It is the spy who had been called upon to remedy the situation created by the deficiencies of ministers, diplomats, generals and priests.

Men's minds are shaped, of course, by their environment and we spies, although we have our professional mystique, do perhaps live closer to the realities and hard facts of international relations than other practitioners of government. We are relatively free of the problems of status, of precedence, departmental attitudes and evasions of personal responsibility, which create the official cast of mind . . . And so it is not surprising these days that the spy finds himself the main guardian of intellectual integrity.

(3) BBC News (13th September, 1919)

In the 1930s a number of young men at Cambridge University were recruited as Soviet spies.
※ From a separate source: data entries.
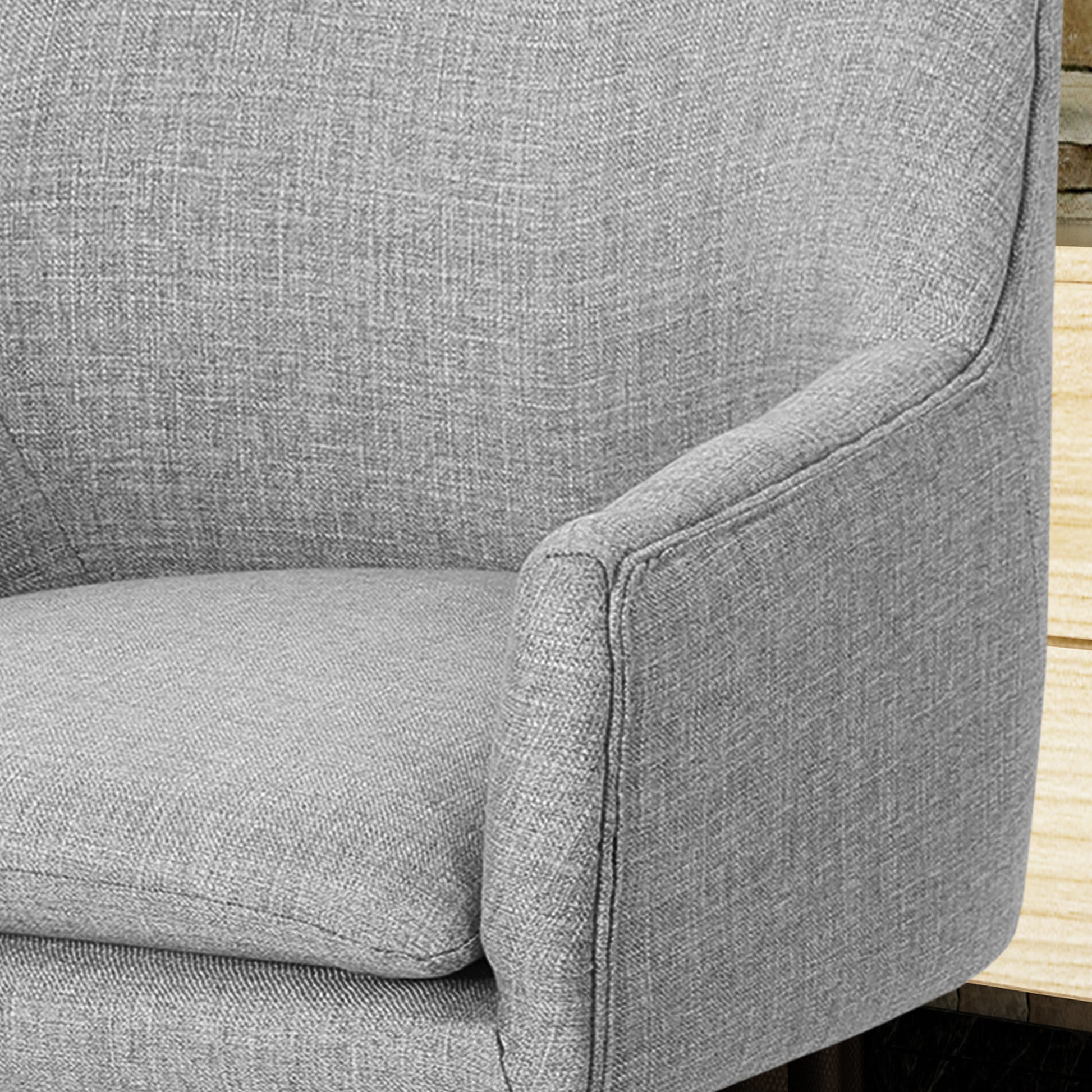 Gray textured fabric armchair detail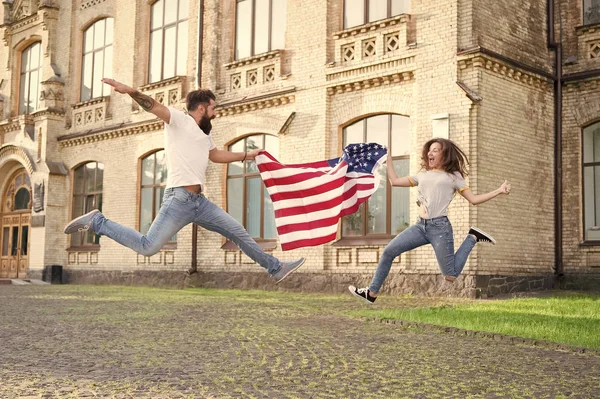 Celebriamo la nostra libertà il giorno dell'indipendenza. Uomo barbuto e donna sexy che salta con bandiera americana il giorno dell'indipendenza. Coppia felice che celebra l'indipendenza delle nazioni. Felice giorno dell'indipendenza — Foto Stock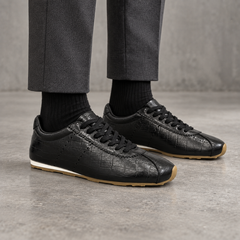 Black croc-embossed oil-waxed leather low-profile sneakers worn with charcoal trousers and black socks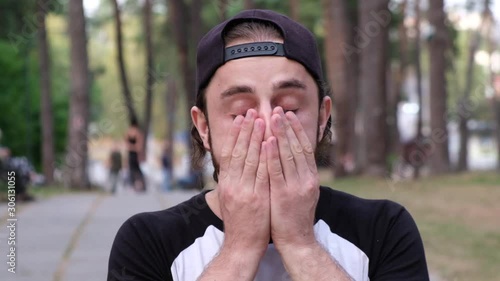 Man portrait at park street. Tired male cover his face by hands and cannot concentrate. Addicted man concept. photo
They became known by the KGB as the 'magnificent five' but were better known in Britain as the Cambridge spy ring.

They were not motivated by financial gain but by the belief that capitalism was corrupt and that the Soviet Union offered a better model for society.

The Cambridge spy ring was informally led by Harold 'Kim' Philby. He and his friends later moved into jobs in British Intelligence and the Foreign Office where they had access to top secret information. They spent their working lives passing valuable information to the Soviet Union.

(4) Hugh Trevor-Roper, The Philby Affair (1968)

As an undergraduate at Oxford I had heard admiring accounts of him from a friend who often travelled with him in vacations. And, sure enough, while we were still waiting for Philby, my old Oxford friend himself appeared in Section Five as a herald of the coming Messiah. I admit that Philby's appointment astonished me at the time, for my old Oxford friend had told me, years before, that his travelling companion was a Communist. By now, of course, I assumed that he was an ex-Communist, but even so I was surprised, for no one was more fanatically anti-Communist, at that time, than the regular members of the two security services, MI6 and MI5. And of all the anti-Communists, none seemed more resolute than the ex-Indian policemen, like Colonel Vivian and Major Cowgill, whose earlier years had been spent in waging war on 'subversion' in the irritant climate of the Far East. That these men should have suspended their deepest convictions in favour of the ex-Communist, Philby, was indeed remarkable. Since it never occurred to me that they could be ignorant of the facts (which were widely known), I assumed that Philby had particular virtues which made him, in their eyes, indispensable. I hasten to add that, although I myself knew of Philby's Communist past, it would never have occurred to me, at that time, to hold it against him. My own view, like that of most of my contemporaries, was that our superiors were lunatic in their anti-Communism. We were therefore pleased that at least one ex-Communist should have broken through the net and that the social prejudices of our superiors had, on this one occasion, triumphed over their political prejudices.

(5) Margaret Thatcher, statement in the House of Commons (November 1979)

It was considered important to gain Blunt's cooperation in the continuing investigations by the security authorities, following the defections of Burgess, Maclean and Philby, into Soviet penetration of the security and intelligence services and other public services during and after the war. Accordingly the Attorney-General authorized the offer of immunity to Blunt if he confessed. The Queen's Private Secretary was informed both of Blunt's confession and of the immunity from prosecution, on the basis of which it had been made. Blunt was not required to resign his appointment in the Royal Household, which was unpaid. It carried with it no access to classified information and no risk to security and the security authorities thought it desirable not to put at risk his cooperation.

(6) Chapman Pincher, Their Trade is Treachery (1981)

Much of the effort made by Macmillan and his government to blanket the horrific details of Blake's treachery was to conceal from the British public the inefficiency which had allowed such a spy to operate for so long inside the Secret Service. The main objective, however, was to conceal the facts from the US Congress, after the Fuchs and Maclean cases had already done so much damage to the reputation of Britain as a safe ally with whom to share secrets.